The Earned Schedule Exchange


September 25, 2022
Project Recovery Pros and Cons: (4) Improvement Profile

When does a project need recovery? If you wait for a threshold like TSPI’s 1.10 to be breached, it’s too late. If indicators are noodling along, not too great, not too horrible, it might be too early. Raising the alarm would hurt your credibility.

To decide, you need more information. More than that, you need the right information.

Earned Schedule fills in the gap.

How so?

 WindowOfOpportunity_Pro_and_Con_Improv_Prof.png

Let’s answer the question through an example.

Say that at the half-way point on a 12 month project, the Schedule Performance Index for time looks like this:

 Recovery_SPIt_and_Imp_Profile_graph_w_data_table_220428.png

Sure, the project got off to a slow start, but it improved significantly, and the SPIt is still climbing!

How does the Estimate at Complete for time look?

Recovery_OppPcc_EACt_from_ISO_TSPI_case_220228.png

Given that the Planned Duration is 10 months, the estimates are not too bad, but they’re not great, either.
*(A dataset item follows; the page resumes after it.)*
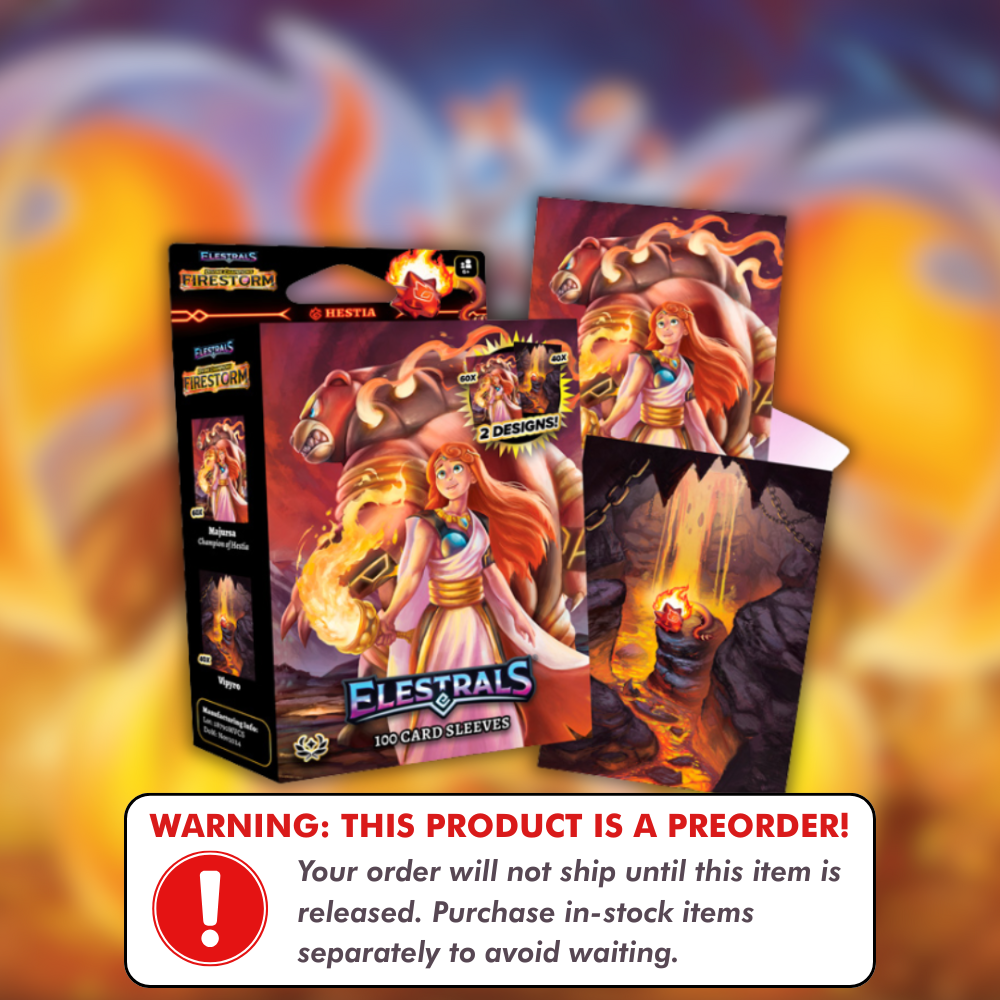 Preorder: Firestorm Majursa Champion of Hestia Card Sleeves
The bounds are converging, but the nominal seems to be stuck at slightly more than the plan.

Maybe, the project is not in big trouble, and there’s no justification for initiating recovery.

What does the To Complete Schedule Performance Index tell us?
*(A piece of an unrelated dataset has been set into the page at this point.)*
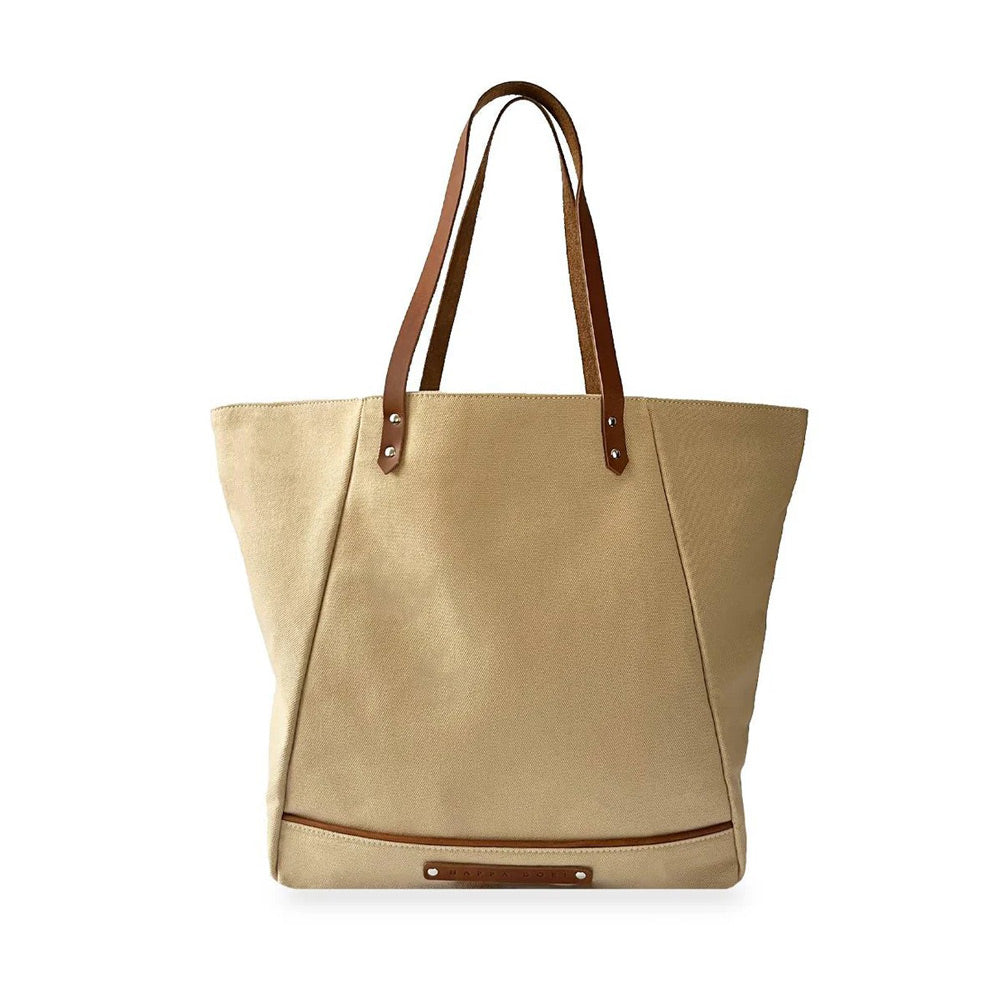Carryall Tote Bag - Beige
Recovery_OppPcc_TSPI_from_ISO_TSPI_case_220228.png

The late start and nil SPIt throw off the first measurement. The other measurements seem to be hovering below the 1.10 threshold. Again, there’s no clear signal to start recovery.

So, what do you do?

Don’t ignore the situation and hope for the best. Don’t flip a coin. Get more information.
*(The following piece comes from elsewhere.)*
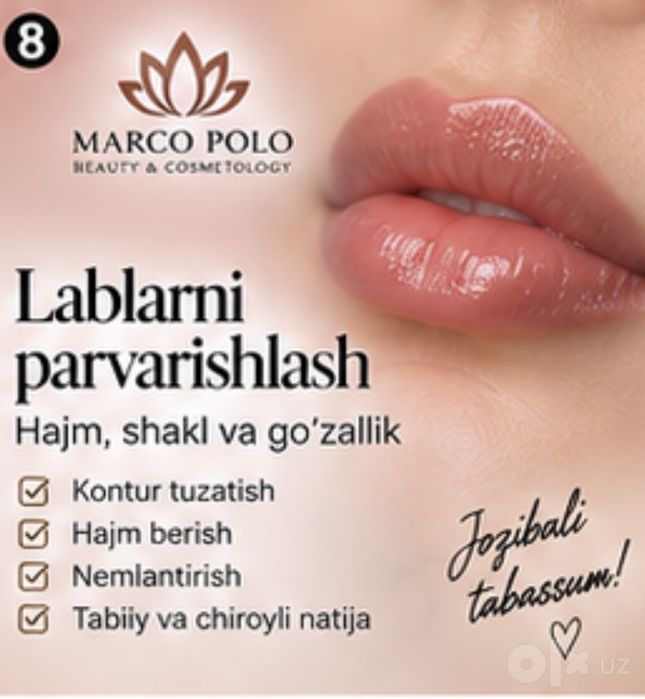 Lablar uchun professional kosmetologik parvarish 24/7 chilonzor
Another measurement from Earned Schedule helps:  the window of opportunity.

Recovery_WindowOfOpportunity_w_PrRcv_chart.png

Based on current performance, the window of opportunity for recovery is .132.

To put that into perspective, if all the remaining time were available, the window would be 1.000. If no remaining time were available, it would be 0.000. So, it’s possible, but the window looks small.

You might think, “Wait, the project is only 60% complete. Surely, recovery is possible with a full four months to go!”

Dream on.

Walt Lipke’s research has shown that once the TSPI hits 1.10, recovery is very unlikely. The math behind the window of opportunity is tied directly to that break point. The window measures the time available before the threshold is breached.

So, it’s not four months of runway. It’s less than 15% of the remaining timeline, or about 17 days. Not four months; instead, about one month. At the current level of performance, the project will be unrecoverable in a month.

The percentage is informative, but a picture is better.

WindowOfOpportunity_Pro_and_Con_WoOp_pcc_to_days_220825.png

With just a month to recover, it would be prudent to take action now. But, it’s possible that you might still hold off the decision. Recovery is a dramatic step, and a window remains open.

Fortunately, there’s other information that helps us decide: the Improvement Profile, for one. (See the dotted line and four rightmost columns in the table). The Profile identifies the efficiencies required in each period of the Window.

Look at the required efficiencies and see if the project achieved similar efficiencies in the past. Also, you can check whether or not the required rate of change is similar to the rate achieved earlier in the project.

The answers tell you whether recovery is realistic for your project. If so, there is good reason to start down the road to recovery.

 Recovery_SPIt_and_Imp_Profile_graph_w_data_table_220428.png

In the graph, the previous efficiencies are followed by the recovery efficiencies.

The recovery efficiencies are striking. Almost all of them exceed the maximum efficiency attained thus far.

Furthermore, after a sharp initial increase, previous efficiency leveled off--well below the needed level.

That’s more reason to start recovery.

And, yet, it might be argued that the desired recovery rate appears to be lower than the rate achieved through the first three periods. That’s based on the slope of the first increase versus that of the second.

It might be that the project is capable of attaining a rate as high as the one required.

That’s a thin thread, but it’s a reason to hold the decision in abeyance.

That is, until next month. Then, a final recovery metric will conclude the story.

 

Similar to other recovery metrics, the Improvement Profile has Pros and Cons. Here they are:

Pro:

- Quantitative metrics resist cognitive bias and strategic misrepresentation.

- The improvement profile is mathematically based on TSPI, inheriting its theoretical and empirical support.

- The improvement profile can be assessed against previous performance.

Con:

- The comparison with previous performance is intuitive. Subjectivity creeps back into the metric.